Start with strategy, not design. Before any design work begins, define your goals. What actions do you want visitors to take? What pages are most important? What's your current site doing wrong? A clear strategy prevents expensive mid-project pivots.
Prepare your content early. The number one cause of redesign delays (and budget overruns) is content not being ready. Write your page copy, gather images, and organize your service/product information before the designer starts. If you need professional copywriting, budget for it upfront.
Prioritize ruthlessly. You can always add features later. Launch with the essential pages and functionality, then iterate based on real user behavior. A perfectly designed 8-page site outperforms a mediocre 20-page site every time.
Think about long-term costs.
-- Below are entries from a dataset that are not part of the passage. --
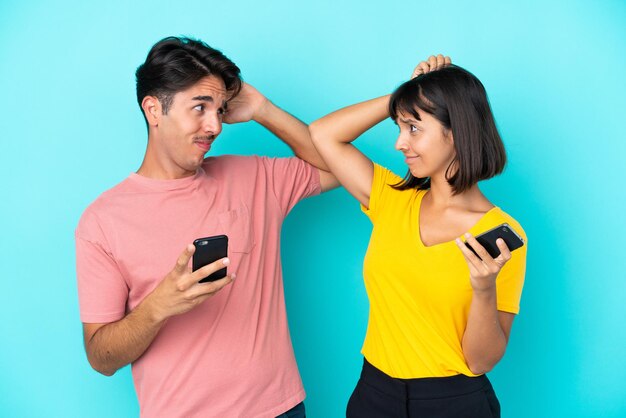 Jong gemengd ras paar met mobiele telefoon geïsoleerd op blauwe achtergrond twijfels tijdens het hoofd krabben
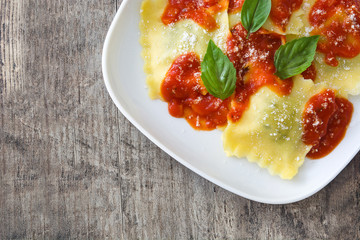 Ravioli with tomato sauce and basil on wooden table
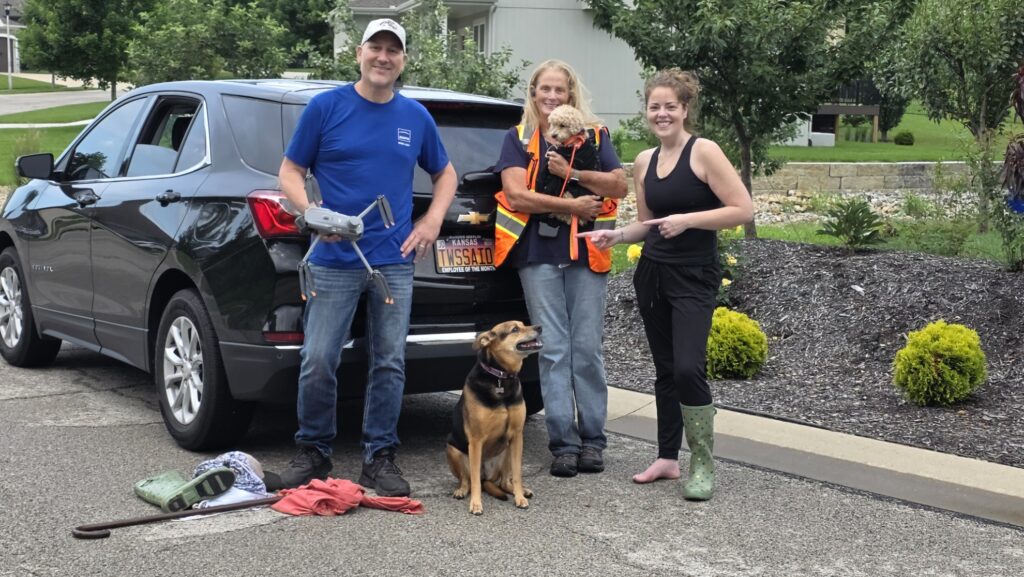 Callie back with her family and the KC Pet Search & Rescue team after her recovery in Olathe, Kansas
A $3,000 WordPress site that needs $200/month in maintenance and breaks every time a plugin updates might cost more over three years than a $8,000 custom site with minimal ongoing maintenance.
✅ Pre-Redesign Checklist (Save Money by Being Prepared)
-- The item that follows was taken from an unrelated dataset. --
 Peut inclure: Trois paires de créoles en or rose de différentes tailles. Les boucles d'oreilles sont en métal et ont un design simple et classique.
- Define your top 3 goals for the new site
- List all pages you need (with content for each)
- Gather your brand assets (logo, colors, fonts)
- Identify 3-5 competitor or inspiration sites
- Export your current site's analytics data
- List all integrations you need (CRM, email, booking, etc.)
- Document any SEO rankings you need to preserve
Explore our website design services to see our approach to building high-performance websites that deliver measurable business results at transparent, predictable pricing.
Final Thoughts
A website redesign is an investment, not an expense. When done right, it directly impacts your bottom line through higher conversion rates, better search rankings, and a stronger brand perception. The key is matching your budget to your actual needs and choosing the right partner for the job.
Don't choose the cheapest option just to save money, and don't overspend on features you don't need yet. Be honest about your goals, prepare thoroughly, and invest in quality where it counts most: design that converts, content that resonates, and performance that keeps visitors engaged. Your website works for you 24 hours a day, 365 days a year. That's worth getting right.